In [1]:
!pip install pandas numpy beautifulsoup4 lxml nltk textstat scikit-learn sentence-transformers matplotlib seaborn



In [37]:
# Full edited pipeline: improved parsing, percentile labeling, calibrated model, analyze_url()
import os
import json
import joblib
import numpy as np
import pandas as pd
import requests
from bs4 import BeautifulSoup
from collections import Counter

from sklearn.feature_extraction.text import TfidfVectorizer
from sklearn.metrics.pairwise import cosine_similarity
from sklearn.preprocessing import LabelEncoder
from sklearn.model_selection import train_test_split
from sklearn.ensemble import RandomForestClassifier
from sklearn.calibration import CalibratedClassifierCV
from sklearn.metrics import classification_report, confusion_matrix

import textstat

# ---------------- Paths ----------------
DATA_DIR = '../data'
RAW_CSV = os.path.join(DATA_DIR, 'data.csv')               # input (Kaggle)
EXTRACTED_CSV = os.path.join(DATA_DIR, 'extracted_content.csv')
FEATURES_CSV = os.path.join(DATA_DIR, 'features.csv')
DUPLICATES_CSV = os.path.join(DATA_DIR, 'duplicates.csv')
MODEL_DIR = '../models'
MODEL_PATH = os.path.join(MODEL_DIR, 'quality_model.pkl')
os.makedirs(MODEL_DIR, exist_ok=True)

# 1) Load raw dataset
df_raw = pd.read_csv(RAW_CSV)
print(f"Loaded {len(df_raw)} rows from {RAW_CSV}")

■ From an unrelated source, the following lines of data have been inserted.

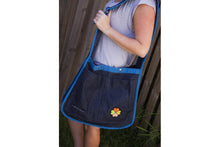 Load image into Gallery viewer, nic-nac : carry-all baby bag-carry-all-Rainbows and Clover-poppy dot-Rainbows and Clover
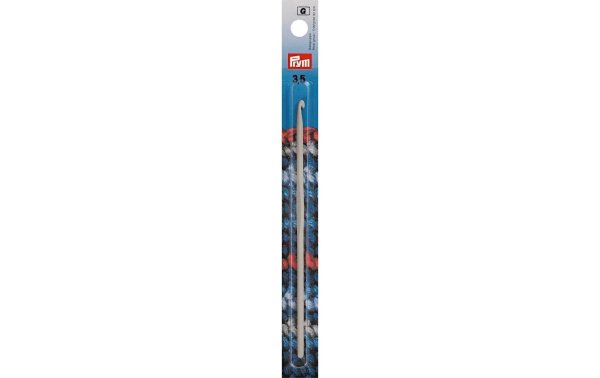 Prym Häkelnadel Ø 3.5 mm, Wolle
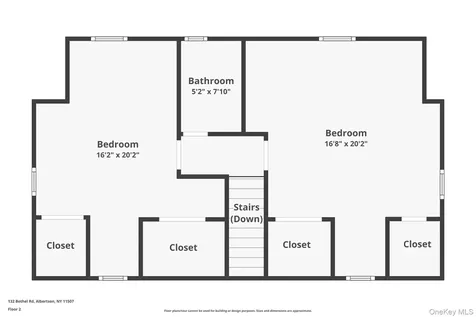 132 Bethel Road Albertson NY 11507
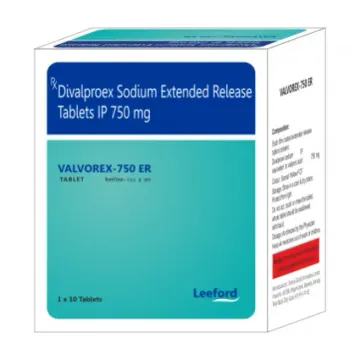 Valvorex 750 Er Tablet product image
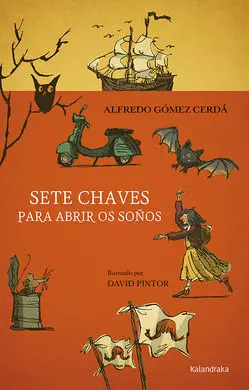Sete Chaves para Abrir os Soños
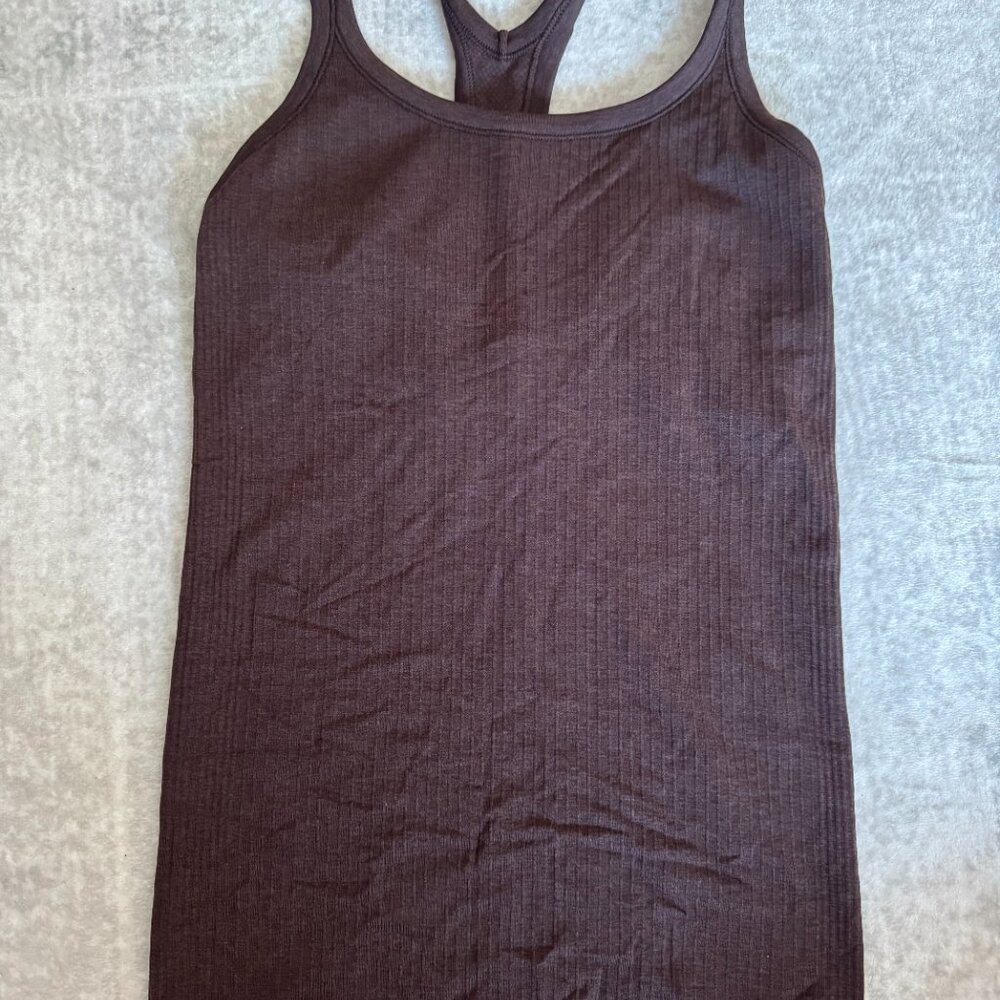 Lululemon Ebb to Street Tank Top Light Support, B/C Cup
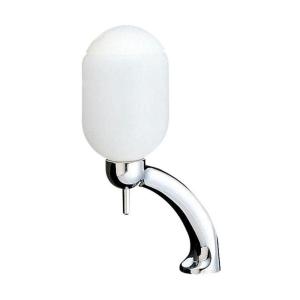 SANEI 立形石ケン水容器 [洗面所 ソープディスペンサー 石鹸 手洗い] W121-78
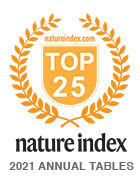 Nature Index badges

# 2) Improved HTML parsing: choose largest meaningful block
def parse_html_largest_block(html):
    if not isinstance(html, str) or not html.strip():
        return "", "", 0
    soup = BeautifulSoup(html, 'lxml')
    title = soup.title.string.strip() if soup.title and soup.title.string else ""

    candidates = soup.find_all(['article', 'main', 'section', 'div'])
    best_text = ""
    for c in candidates:
        try:
            text = c.get_text(separator=' ', strip=True)
        except Exception:
            text = ""
        if text and len(text) > len(best_text):
            best_text = text

    if not best_text:
        paragraphs = [p.get_text(separator=' ', strip=True) for p in soup.find_all('p')]
        best_text = ' '.join(paragraphs)

    clean_text = ' '.join(best_text.split())
    word_count = len(clean_text.split()) if clean_text else 0
    return title, clean_text, word_count

parsed = df_raw['html_content'].apply(lambda x: pd.Series(parse_html_largest_block(x), index=['title','body_text','word_count']))
df = pd.concat([df_raw[['url']].reset_index(drop=True), parsed.reset_index(drop=True)], axis=1)
df.to_csv(EXTRACTED_CSV, index=False)
print(f"Saved parsed content -> {EXTRACTED_CSV}")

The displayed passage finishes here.